Scaling prediction pipelines on the backend (GTFS transforms, telemetry ingestion, and the prediction engine) also demanded operational improvements — resilient consumers, backpressure handling, and observability to detect and mitigate data quality regressions quickly.
Key learnings
- Building a robust prediction system is as much about data hygiene and operational tooling as it is about algorithms. Investing in validation pipelines and clear signal metrics reduced regressions and improved ETA quality.
- Progressive enhancement for low-end devices matters: graceful degradation of visual elements and staggered updates preserved core functionality for the broadest user base.
- Payment UX is a cross-disciplinary problem: coordination between mobile engineers, backend teams, and payments partners is essential. Small UX choices (when to re-authenticate, how to show pending top-ups) had outsized effects on reliability and user trust.
- Instrumentation and staged rollouts are crucial. Feature flags and telemetry allowed us to test payment changes and prediction tweaks with a small cohort before a full rollout.
Tech stack
- Flutter for cross-platform mobile development.
- Mapbox for map rendering, vector tiles and route visualization.

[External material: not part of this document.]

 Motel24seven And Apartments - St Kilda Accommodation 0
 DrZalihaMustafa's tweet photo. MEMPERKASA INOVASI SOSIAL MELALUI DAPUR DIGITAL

- Firebase for analytics, notifications and remote configuration.
- Backend services (Python) for GTFS transformations, the prediction engine and payment orchestration.
- CI/CD with GitHub Actions, plus Firebase Crashlytics and other monitoring tools for crash and performance tracking.
Conclusion
Working on Red taught me how to balance product constraints with technical reality: delivering reliable ETAs required careful design across data pipelines, on-device processing and UX. The project sharpened my skills in real-time data fusion, payment integration, and shipping resilient mobile features at scale — all while keeping user trust and performance front of mind.
Red remains a showcase for building mission-critical mobility features that must be accurate, fast and secure for a large, diverse commuter population.